* WHAT YOU ARE ASKED TO DO *
Every record that follows should be written out word for word; the pictures stay out.

* EXERCISE MATERIALS *
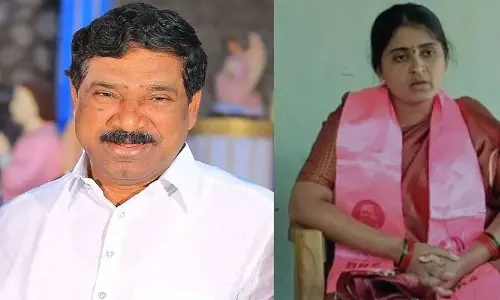 మళ్లీ రెచ్చిపోయిన సర్పంచ్ నవ్య.. MLA రాజయ్య రియాక్షన్ ఇదే!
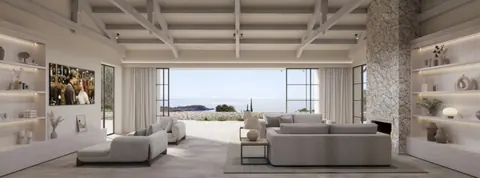 Luxury Villa Panoramic View Sea View, 6 bedrooms in Bendinat OSW-245 for sale For Super Rich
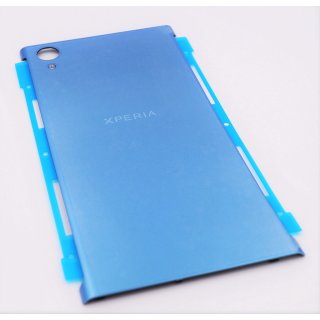 Sony Xperia XA1 Plus (G3421, G3423), Xperia XA1 Plus Dual Sim (G3412, G3416, G3426) Akkudeckel, Battery Cover + NFC Antenne, Blau, blue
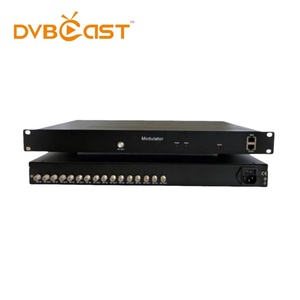 4 or 8 FTA Tuner (DVB-S/S2 DVB-<strong>C</strong> DVB-T/T2 ATSC ISDBT) <strong>Input</strong> to 4 or 8 Carrier RF (ATSC DVB-T DVB-<strong>C</strong> ISDBT DTMB) <strong>Output</strong> Modulator - Product Image 3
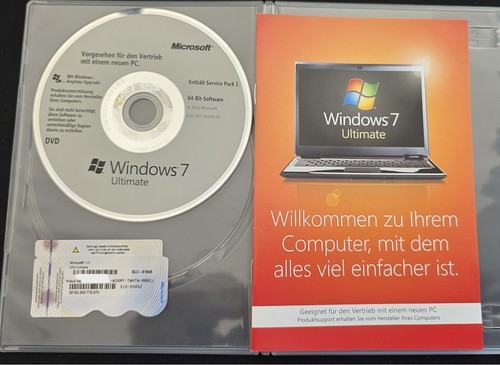 Microsoft windows ultimate - microsoft,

* TASK RESULT *
 మళ్లీ రెచ్చిపోయిన సర్పంచ్ నవ్య.. MLA రాజయ్య రియాక్షన్ ఇదే!
 Luxury Villa Panoramic View Sea View, 6 bedrooms in Bendinat OSW-245 for sale For Super Rich
 Sony Xperia XA1 Plus (G3421, G3423), Xperia XA1 Plus Dual Sim (G3412, G3416, G3426) Akkudeckel, Battery Cover + NFC Antenne, Blau, blue
 4 or 8 FTA Tuner (DVB-S/S2 DVB-<strong>C</strong> DVB-T/T2 ATSC ISDBT) <strong>Input</strong> to 4 or 8 Carrier RF (ATSC DVB-T DVB-<strong>C</strong> ISDBT DTMB) <strong>Output</strong> Modulator - Product Image 3
 Microsoft windows ultimate - microsoft,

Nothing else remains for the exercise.